DETROIT – Eighteen emerging leaders from water and wastewater utilities across the United States have been selected as 2022 Fellows of Duke University’s Water Innovation Leadership Development (WILD) executive education program. Detroit resident and DWSD Deputy Director & Chief Engineer Palencia Mobley, P.E., has been chosen for the 2022 cohort. 

Managers accepted into the yearlong program are introduced to new approaches and resources for dealing with some of the most pressing issues facing the water services sector today, from funding shortfalls and aging infrastructure to climate impacts and uncertain population trends. Over the course of the year, Fellows take part in six online sessions and two three-day workshops at Duke’s campus in Durham, N.C.
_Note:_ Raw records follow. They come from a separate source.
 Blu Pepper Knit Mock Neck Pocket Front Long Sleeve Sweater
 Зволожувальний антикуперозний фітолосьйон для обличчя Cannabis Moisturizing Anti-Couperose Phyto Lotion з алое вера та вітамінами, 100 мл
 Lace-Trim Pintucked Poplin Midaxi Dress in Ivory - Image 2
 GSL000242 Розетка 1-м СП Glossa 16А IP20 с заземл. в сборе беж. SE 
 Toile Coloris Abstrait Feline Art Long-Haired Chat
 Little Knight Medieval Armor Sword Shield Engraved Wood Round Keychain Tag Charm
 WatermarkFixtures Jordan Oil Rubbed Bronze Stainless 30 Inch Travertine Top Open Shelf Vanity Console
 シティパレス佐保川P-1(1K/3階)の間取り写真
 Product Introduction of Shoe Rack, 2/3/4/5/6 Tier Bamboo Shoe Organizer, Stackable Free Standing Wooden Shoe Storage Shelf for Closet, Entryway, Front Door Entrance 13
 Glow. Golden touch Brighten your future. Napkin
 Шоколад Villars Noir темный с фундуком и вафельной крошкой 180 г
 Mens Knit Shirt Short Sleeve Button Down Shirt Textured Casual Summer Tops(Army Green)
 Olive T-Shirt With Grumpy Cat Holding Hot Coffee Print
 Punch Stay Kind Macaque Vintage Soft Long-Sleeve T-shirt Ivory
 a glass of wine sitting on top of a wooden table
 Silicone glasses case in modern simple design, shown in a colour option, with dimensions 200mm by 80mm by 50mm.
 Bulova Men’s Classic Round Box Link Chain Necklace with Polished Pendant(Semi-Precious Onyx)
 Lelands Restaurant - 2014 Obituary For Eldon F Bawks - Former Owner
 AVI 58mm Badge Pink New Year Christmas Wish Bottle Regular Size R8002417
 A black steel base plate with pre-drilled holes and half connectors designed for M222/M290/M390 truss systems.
“I am honored to have been nominated and chosen for the Duke University executive program,” said Mobley. “I plan to share the lessons with my colleagues as we work together to continue to upgrade the water and sewer systems and address climate resiliency here in Detroit.”

Industry experts and leading researchers facilitate the sessions and workshops and provide coaching to Fellows, but there’s also a big emphasis on peer-to-peer learning, said Martin Doyle, professor of river systems science and policy at Duke’s Nicholas School of the Environment, who serves as faculty lead on WILD.

“The idea is to help emerging leaders build a network of peers they can brainstorm with and seek advice from, even long after the program ends,” Doyle said.

Fellows represent a wide range of utility sizes, from those serving communities as small as 15,000 people to utilities serving several million. Annual enrollment in the program is limited to between 15 to 20 Fellows to optimize the learning environment. Thanks to generous support from program funders, tuition, travel and lodging costs, which otherwise would be valued at about $14,000, are covered for each Fellow.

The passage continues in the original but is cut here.